■ **Your goal**
Exactly reproduce the lines from the one holding "Seven-step holistic anger" through the end of the records, including both boundary lines but no pictures.

■ **Input records**
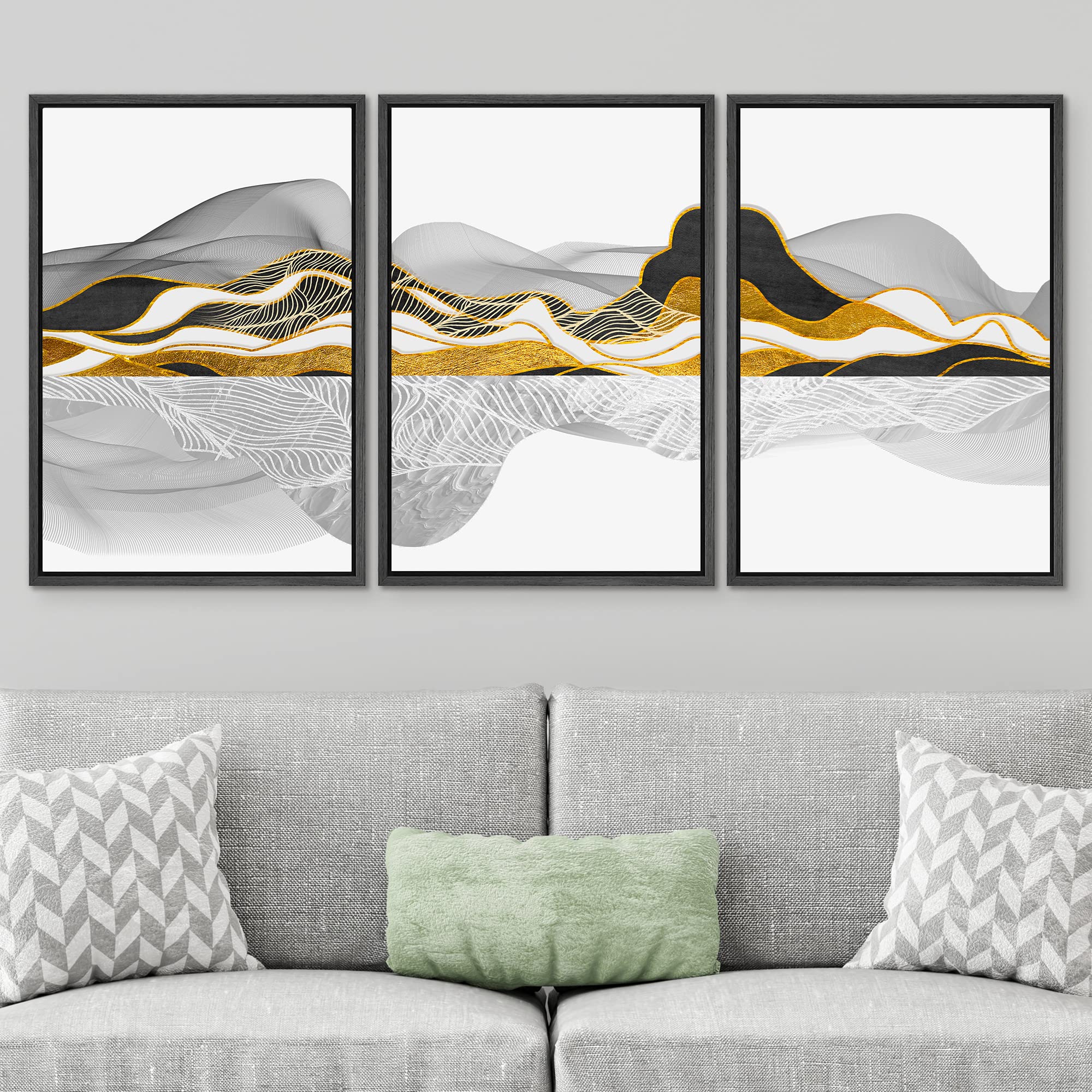 Signwin Framed Canvas Print Wall Art Set Gold Marble Wave Mountain Range Nature Wilderness Illustrations Modern Art Decorative N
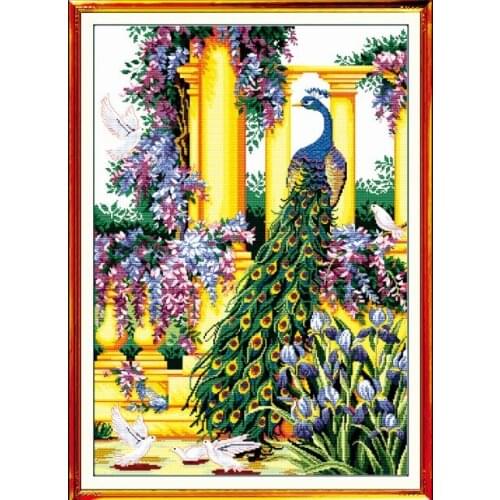 Purple flowers & peacock cross stitch kit animal Aida counted 18ct 14ct 11ct printed embroidery DIY handmade needlework supply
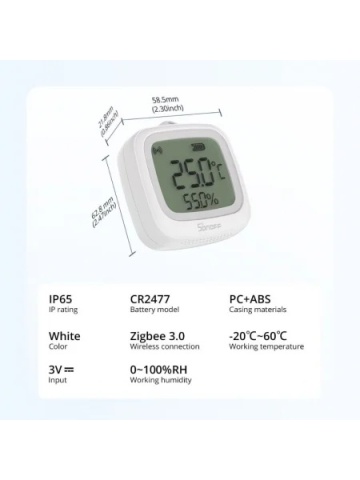 Resigilat Senzor de temperatura si umiditate Sonoff SNZB-02WD, Zigbee 3.0 - Img 4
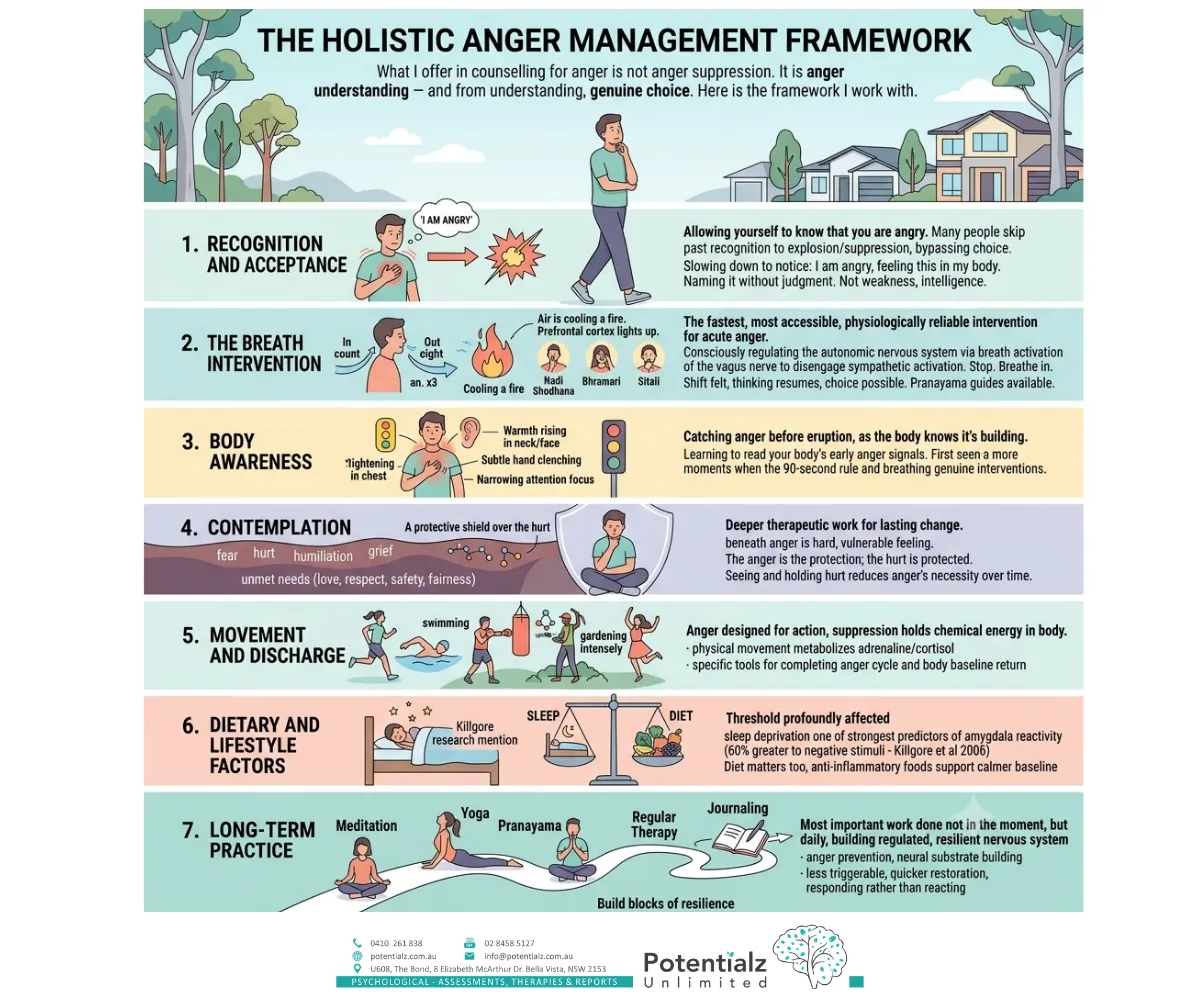 Seven-step holistic anger management framework infographic — recognition and acceptance, the breath intervention, body awareness, contemplation, movement and discharge, dietary and lifestyle factors, and long-term practice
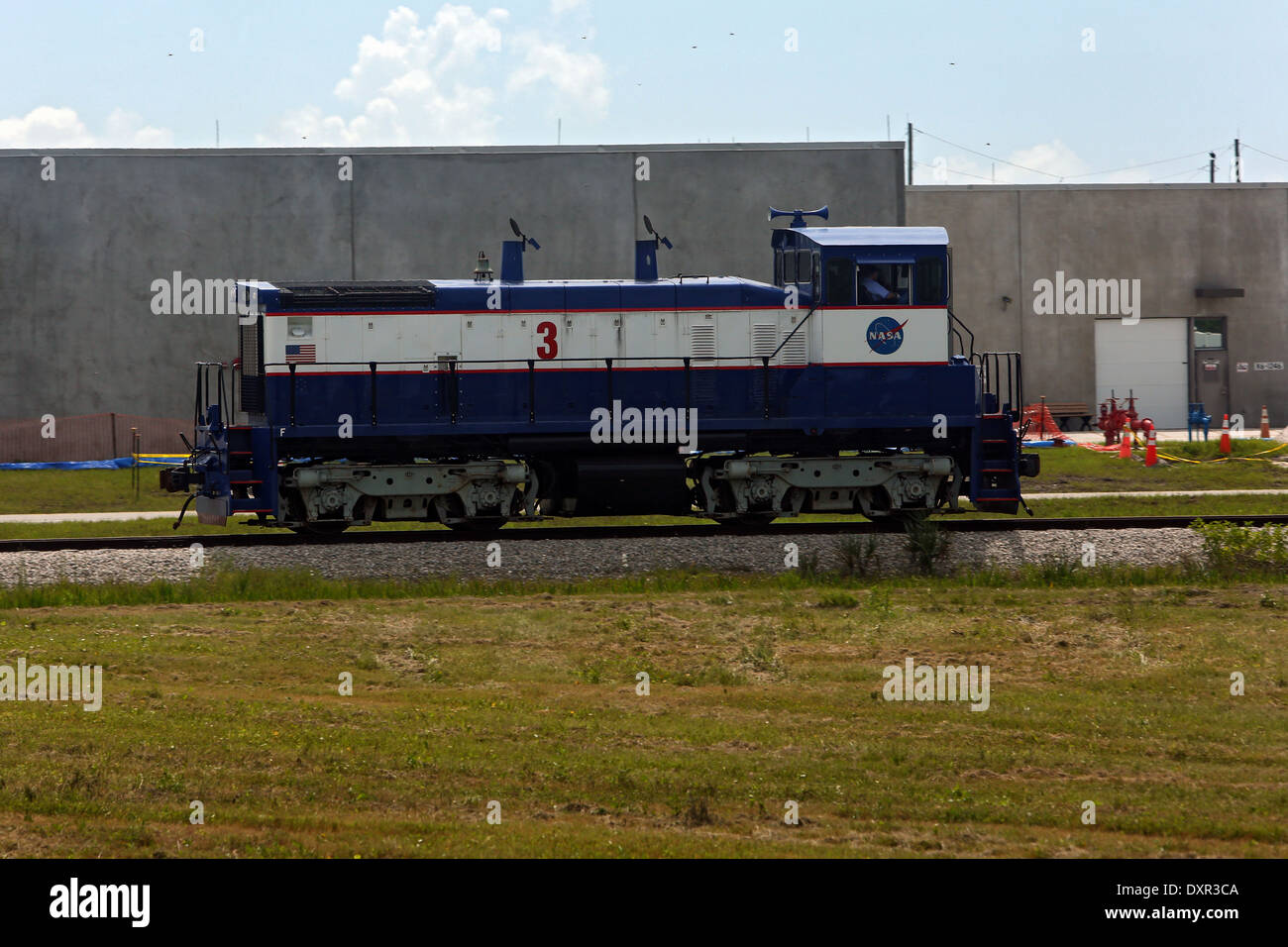 Merritt Islanda, Stati Uniti d'America, locomotiva diesel sui terreni del Centro Spaziale Kennedy Foto Stock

■ **Exercise solution**
 Seven-step holistic anger management framework infographic — recognition and acceptance, the breath intervention, body awareness, contemplation, movement and discharge, dietary and lifestyle factors, and long-term practice
 Merritt Islanda, Stati Uniti d'America, locomotiva diesel sui terreni del Centro Spaziale Kennedy Foto Stock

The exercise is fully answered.